• _Task objective_: Return only the stretch of the material below that begins with the line containing "Ein paar Kinder" and ends with the line containing "Mercedes AMG Petronas", exactly; both of those lines belong to it.

(Task data begins)

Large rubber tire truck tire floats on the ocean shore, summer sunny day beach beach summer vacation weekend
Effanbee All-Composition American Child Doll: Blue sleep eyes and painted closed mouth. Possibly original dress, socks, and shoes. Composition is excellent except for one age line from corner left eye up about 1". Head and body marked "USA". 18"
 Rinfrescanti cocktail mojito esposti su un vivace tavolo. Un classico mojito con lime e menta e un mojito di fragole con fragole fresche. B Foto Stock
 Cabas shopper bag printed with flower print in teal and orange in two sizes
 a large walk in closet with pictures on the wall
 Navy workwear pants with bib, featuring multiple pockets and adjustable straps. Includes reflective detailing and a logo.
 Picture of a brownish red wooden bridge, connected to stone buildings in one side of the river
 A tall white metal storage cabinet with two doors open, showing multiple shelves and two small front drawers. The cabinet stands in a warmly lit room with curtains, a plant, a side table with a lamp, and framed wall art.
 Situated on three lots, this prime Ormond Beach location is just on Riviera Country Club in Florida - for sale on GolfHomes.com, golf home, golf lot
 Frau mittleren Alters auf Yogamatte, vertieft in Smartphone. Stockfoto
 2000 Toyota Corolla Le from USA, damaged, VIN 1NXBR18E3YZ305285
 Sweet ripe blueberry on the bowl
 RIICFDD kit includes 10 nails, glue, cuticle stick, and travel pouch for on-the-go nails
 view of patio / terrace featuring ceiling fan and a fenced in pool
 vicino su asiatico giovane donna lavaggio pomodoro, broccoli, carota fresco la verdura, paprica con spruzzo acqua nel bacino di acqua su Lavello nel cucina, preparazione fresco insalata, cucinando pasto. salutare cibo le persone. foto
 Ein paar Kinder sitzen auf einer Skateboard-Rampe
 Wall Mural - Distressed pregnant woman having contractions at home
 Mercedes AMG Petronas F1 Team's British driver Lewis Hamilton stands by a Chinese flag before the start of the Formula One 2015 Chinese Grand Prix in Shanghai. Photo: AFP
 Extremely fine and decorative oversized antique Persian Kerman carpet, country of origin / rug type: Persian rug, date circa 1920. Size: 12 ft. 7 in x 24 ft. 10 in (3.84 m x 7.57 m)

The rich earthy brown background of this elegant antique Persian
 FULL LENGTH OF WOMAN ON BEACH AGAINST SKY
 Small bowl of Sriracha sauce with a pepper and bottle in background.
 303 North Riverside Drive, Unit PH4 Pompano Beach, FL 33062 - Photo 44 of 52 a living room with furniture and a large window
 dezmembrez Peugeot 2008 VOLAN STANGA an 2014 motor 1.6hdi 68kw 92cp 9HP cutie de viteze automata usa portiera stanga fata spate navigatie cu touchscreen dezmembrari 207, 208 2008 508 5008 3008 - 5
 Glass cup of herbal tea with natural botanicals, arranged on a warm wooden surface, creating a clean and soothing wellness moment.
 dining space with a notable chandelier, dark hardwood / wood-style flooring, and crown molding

(Task data ends)

• _Answer_:
 Ein paar Kinder sitzen auf einer Skateboard-Rampe
 Wall Mural - Distressed pregnant woman having contractions at home
 Mercedes AMG Petronas F1 Team's British driver Lewis Hamilton stands by a Chinese flag before the start of the Formula One 2015 Chinese Grand Prix in Shanghai. Photo: AFP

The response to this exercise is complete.